Start of RECORDS TO USE

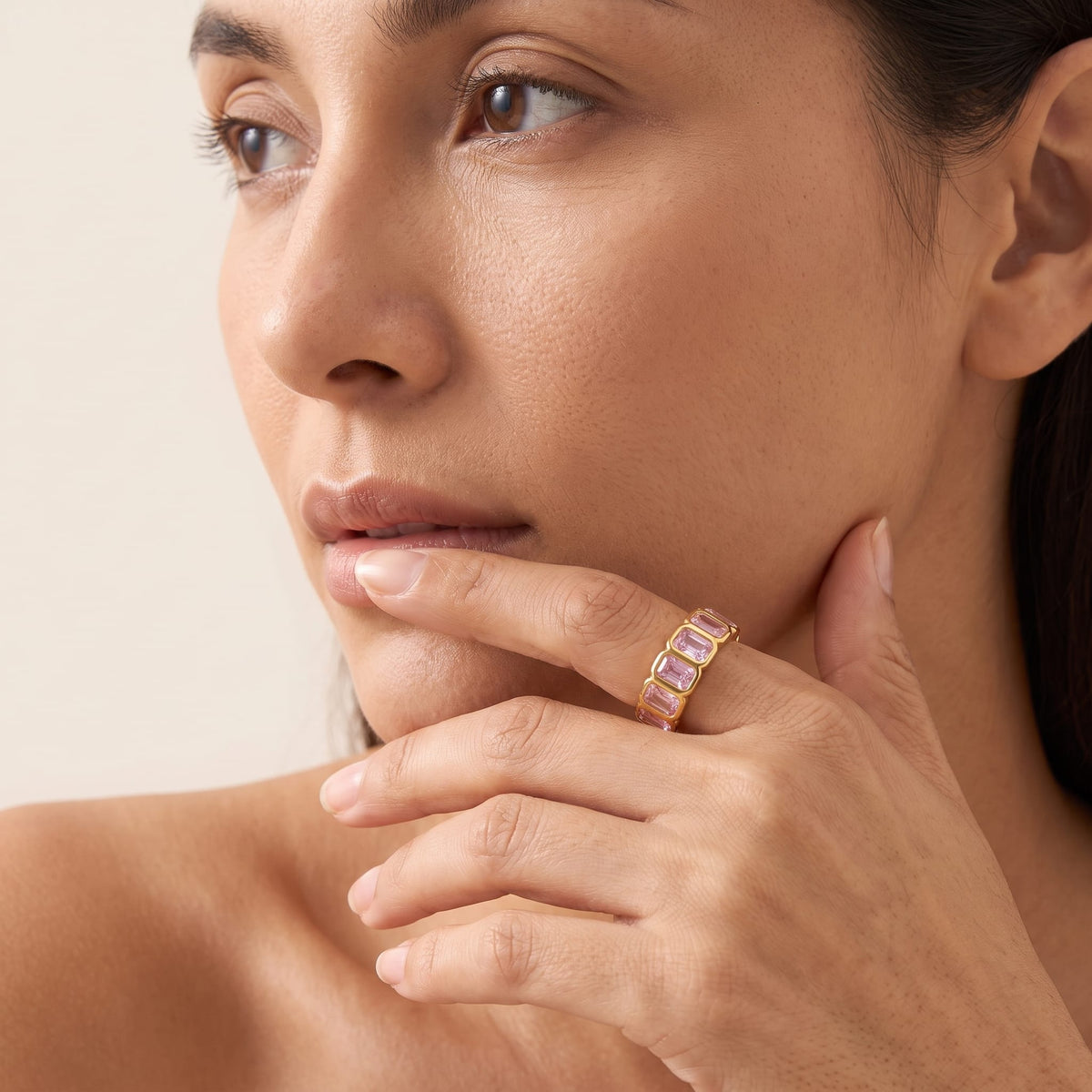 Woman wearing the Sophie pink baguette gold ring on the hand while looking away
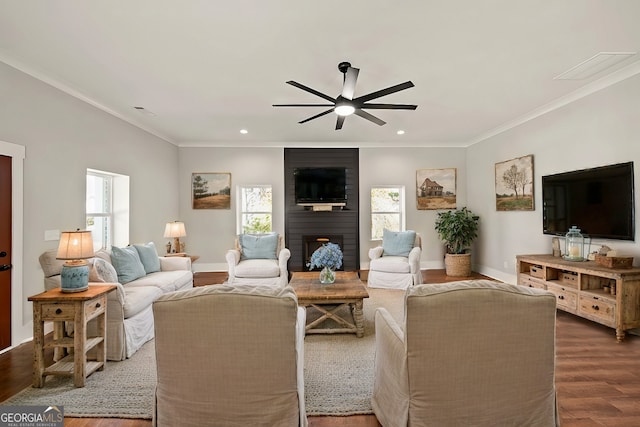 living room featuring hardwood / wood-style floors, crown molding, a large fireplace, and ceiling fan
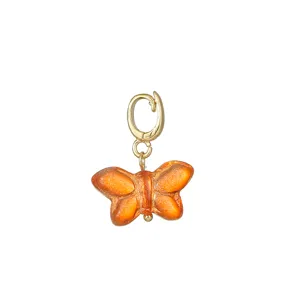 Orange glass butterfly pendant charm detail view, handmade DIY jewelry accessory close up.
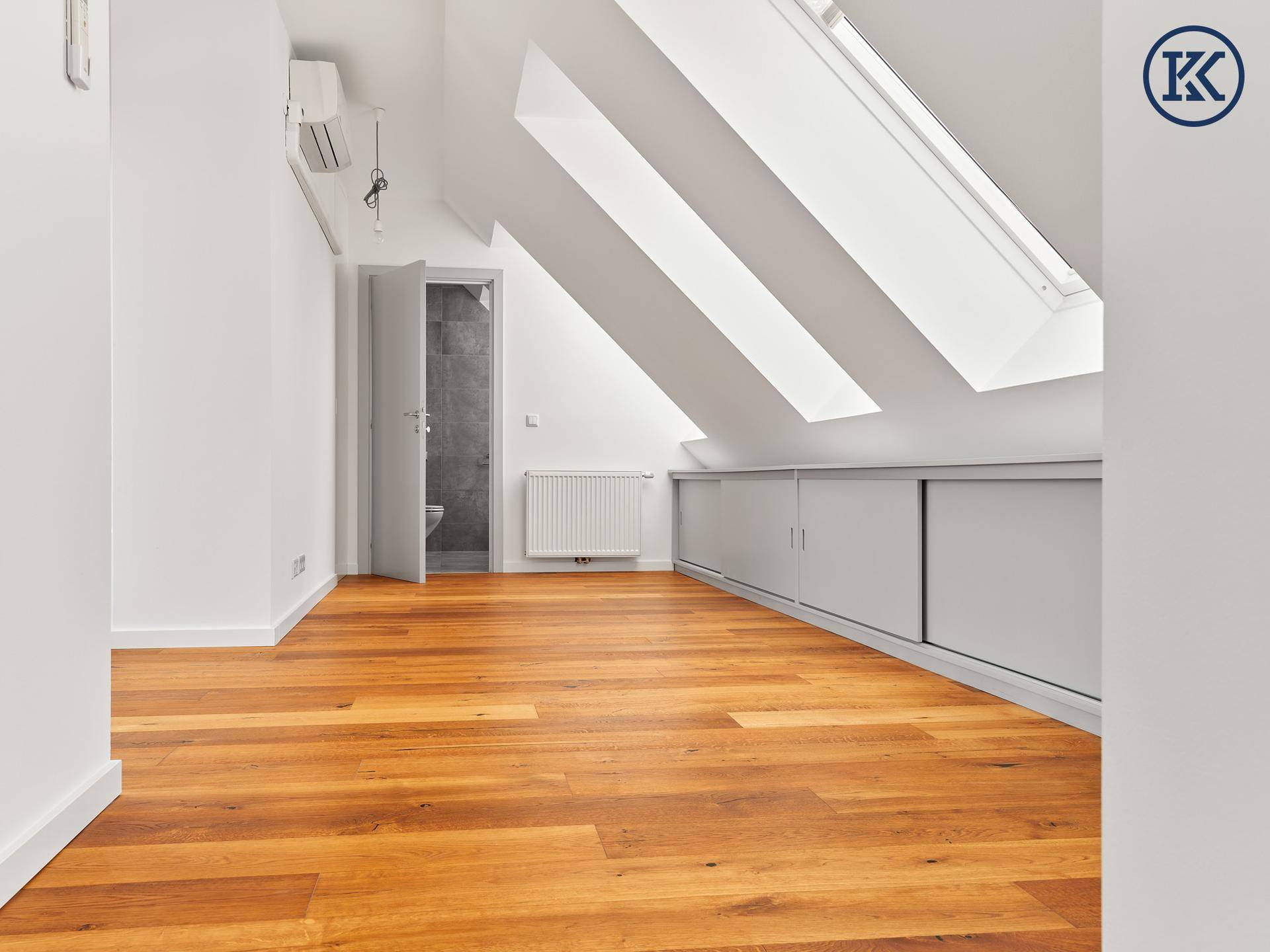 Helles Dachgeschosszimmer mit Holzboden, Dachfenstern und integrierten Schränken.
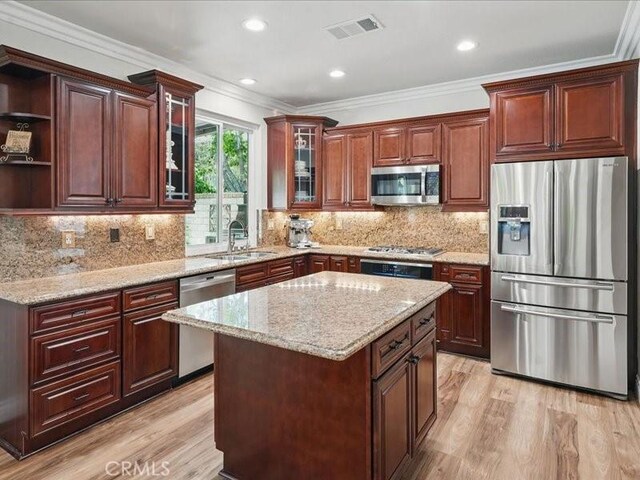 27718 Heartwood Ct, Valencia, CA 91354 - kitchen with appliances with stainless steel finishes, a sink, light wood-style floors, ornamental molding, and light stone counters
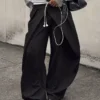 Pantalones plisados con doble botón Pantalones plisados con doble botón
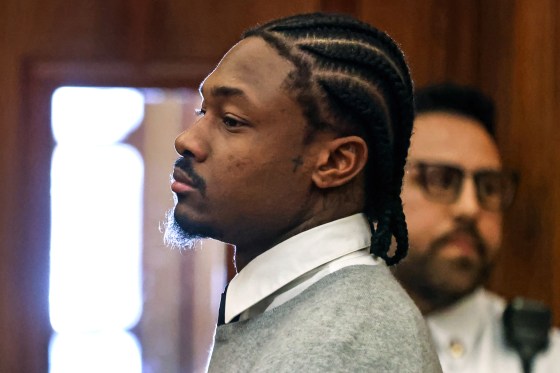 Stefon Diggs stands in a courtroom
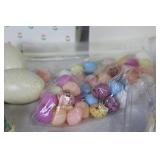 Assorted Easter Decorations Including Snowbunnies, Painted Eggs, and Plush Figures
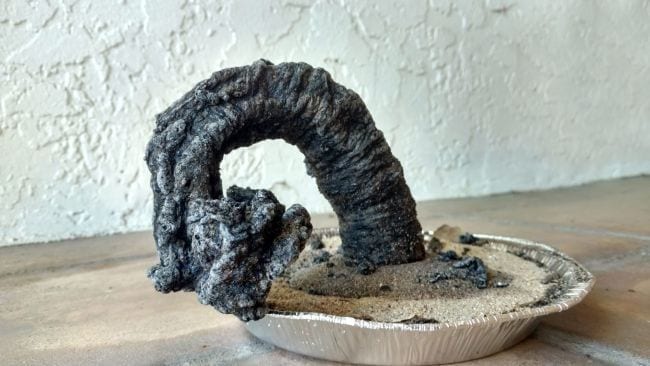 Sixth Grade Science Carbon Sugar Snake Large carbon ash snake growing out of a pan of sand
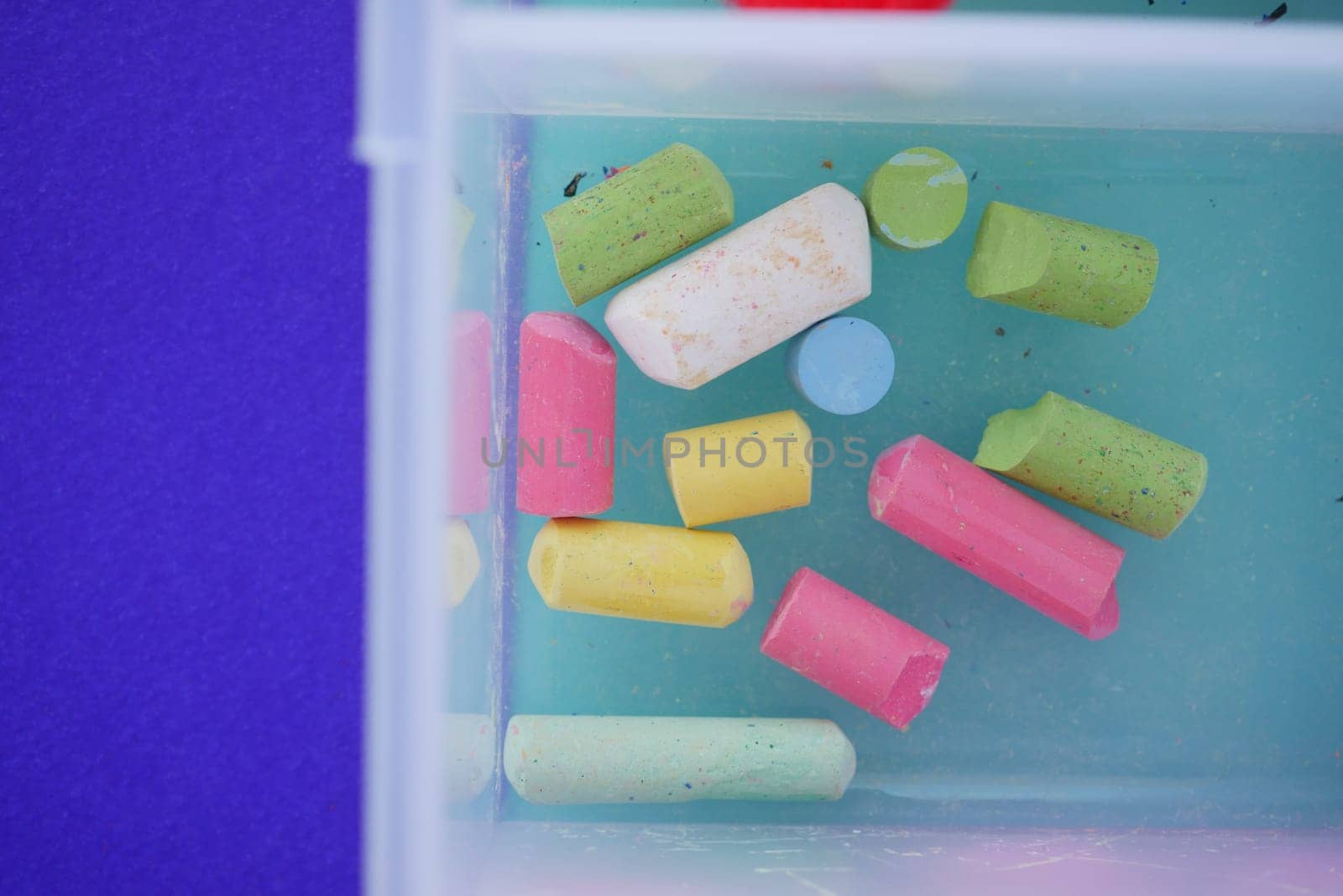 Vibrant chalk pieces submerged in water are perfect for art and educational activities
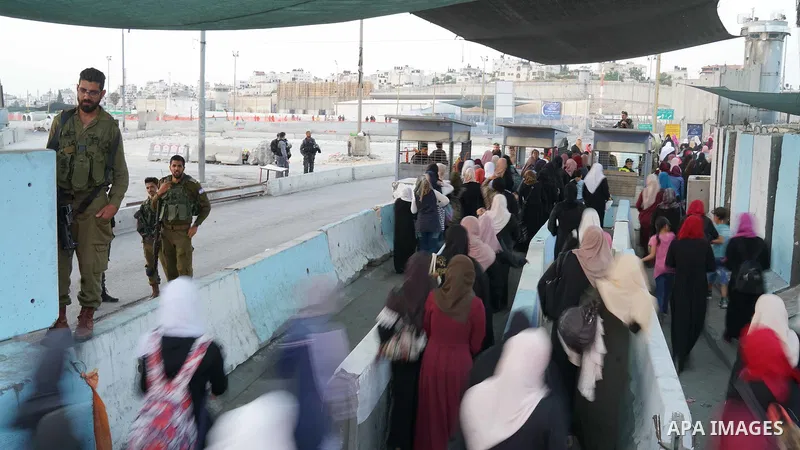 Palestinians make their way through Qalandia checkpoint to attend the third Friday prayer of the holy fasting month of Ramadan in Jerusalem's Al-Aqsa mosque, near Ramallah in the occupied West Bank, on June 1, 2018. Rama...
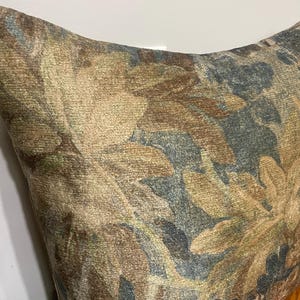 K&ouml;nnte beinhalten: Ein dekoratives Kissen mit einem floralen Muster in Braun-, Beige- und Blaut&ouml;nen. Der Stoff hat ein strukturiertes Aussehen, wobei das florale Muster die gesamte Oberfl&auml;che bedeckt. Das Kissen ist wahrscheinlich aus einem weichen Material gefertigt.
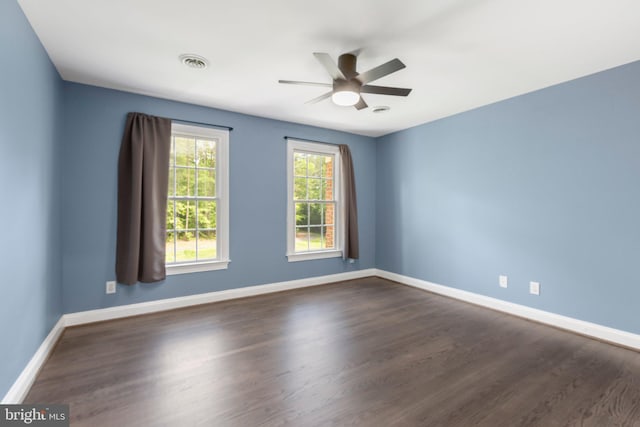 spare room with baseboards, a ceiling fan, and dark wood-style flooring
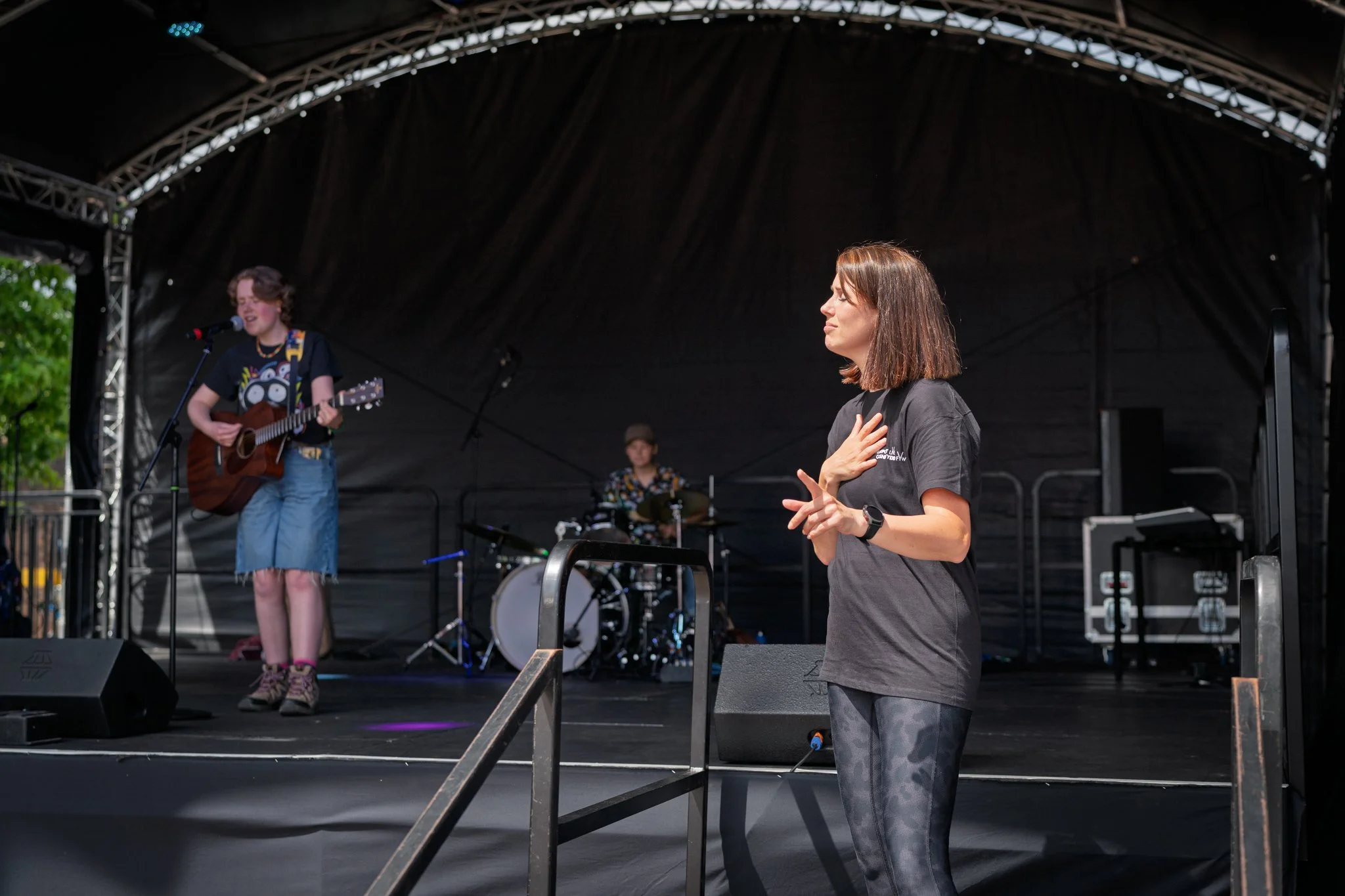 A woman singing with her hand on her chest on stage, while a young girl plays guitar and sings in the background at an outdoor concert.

End of RECORDS TO USE

Pictures aside, the material must be written out word for word.

 Woman wearing the Sophie pink baguette gold ring on the hand while looking away
 living room featuring hardwood / wood-style floors, crown molding, a large fireplace, and ceiling fan
 Orange glass butterfly pendant charm detail view, handmade DIY jewelry accessory close up.
 Helles Dachgeschosszimmer mit Holzboden, Dachfenstern und integrierten Schränken.
 27718 Heartwood Ct, Valencia, CA 91354 - kitchen with appliances with stainless steel finishes, a sink, light wood-style floors, ornamental molding, and light stone counters
 Pantalones plisados con doble botón Pantalones plisados con doble botón
 Stefon Diggs stands in a courtroom
 Assorted Easter Decorations Including Snowbunnies, Painted Eggs, and Plush Figures
 Sixth Grade Science Carbon Sugar Snake Large carbon ash snake growing out of a pan of sand
 Vibrant chalk pieces submerged in water are perfect for art and educational activities
 Palestinians make their way through Qalandia checkpoint to attend the third Friday prayer of the holy fasting month of Ramadan in Jerusalem's Al-Aqsa mosque, near Ramallah in the occupied West Bank, on June 1, 2018. Rama...
 K&ouml;nnte beinhalten: Ein dekoratives Kissen mit einem floralen Muster in Braun-, Beige- und Blaut&ouml;nen. Der Stoff hat ein strukturiertes Aussehen, wobei das florale Muster die gesamte Oberfl&auml;che bedeckt. Das Kissen ist wahrscheinlich aus einem weichen Material gefertigt.
 spare room with baseboards, a ceiling fan, and dark wood-style flooring
 A woman singing with her hand on her chest on stage, while a young girl plays guitar and sings in the background at an outdoor concert.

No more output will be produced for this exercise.